Art can sharpen our problem-solving skills. Here’s how. — Quartz at work
When looking for new ways to improve our problem-solving skills, spending time with a work of art is perhaps the easiest and most effective training, according to art historian Amy Herman.
Herman has taught professionals—homicide detectives, medical students, lawyers, and engineers—to read paintings to improve their analytical skills. “Art provides a safe space outside of ourselves to analyze our observations and turn those observable details into actionable knowledge,” Herman writes in the introduction to her new book. Fixed.

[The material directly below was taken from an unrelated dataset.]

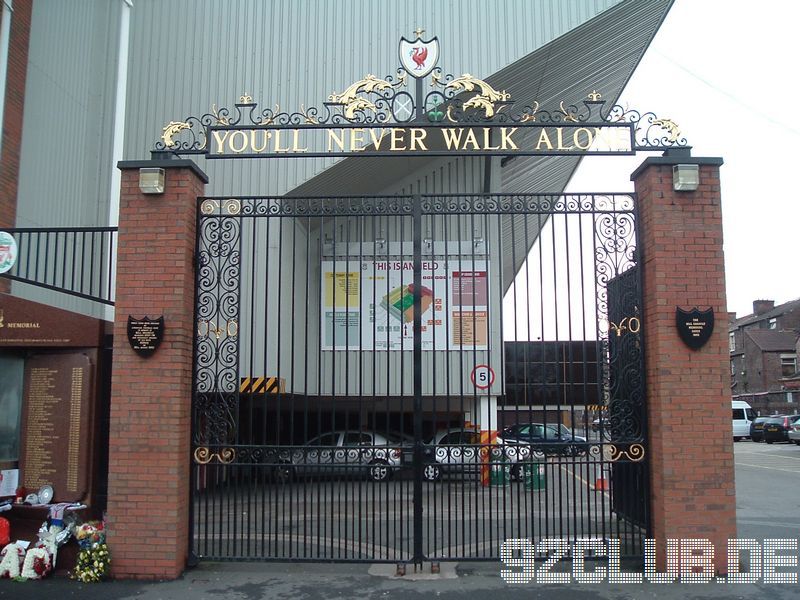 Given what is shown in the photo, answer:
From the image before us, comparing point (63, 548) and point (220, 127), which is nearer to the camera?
point (63, 548)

How to perfect the fine art of problem solving.
This can help us understand how and why things go wrong and, more importantly, how to fix them, she explains.
Put the lesson into practice
In her book, Herman explains step-by-step how to navigate through a complex composition.
Look at Théodore Géricault’s grisly painting The Raft of Medusa.
Perceive its scope, notice its details, count things, catalog what you think is going on.
Then take a deep breath and let your mind wander.
What did the chaos of the previous scene remind you of? A natural disaster? A man-made catastrophe? The current state of your country? Perhaps you were reminded of more personal scenarios: office drama, a runaway argument at home, Zoom Thanksgiving.
No matter who you are or where you live, chances are you can identify with the despair described above.
A critical skill in Herman’s approach is the art of noticing—the ability to suppress the impulse to pick up our mobile devices and pause long enough to ponder the details of a visual spectacle before us. This is especially true in the age of short attention spans, when the average museum visitor spends less than 30 seconds looking at a work of art.
Viewing art also attunes us to nuance and ambiguity, Herman explains. It’s a skill that’s critical for hostage negotiators for managers trying to read the space.
“The best way to look at art, whether alone or with others, is to look at the object first, speak after looking, and only then read the label,” Herman told Quartz. “My hope is that learning to look at art in a structured way will inspire and refresh critical inquiry, and that the same model will be applied when confronting problems that require resolution.”
Herman, who once headed the education department at the Frick Collection in New York City, insists there’s no shame in “using art to study ourselves and the problems we face every day.” “Art can be many different things to many different viewers,” she argues. “If the power of an artwork can be channeled in a way that allows a viewer who has no background in art or art history to approach their calling in a different and more inclusive way, why not unleash that?”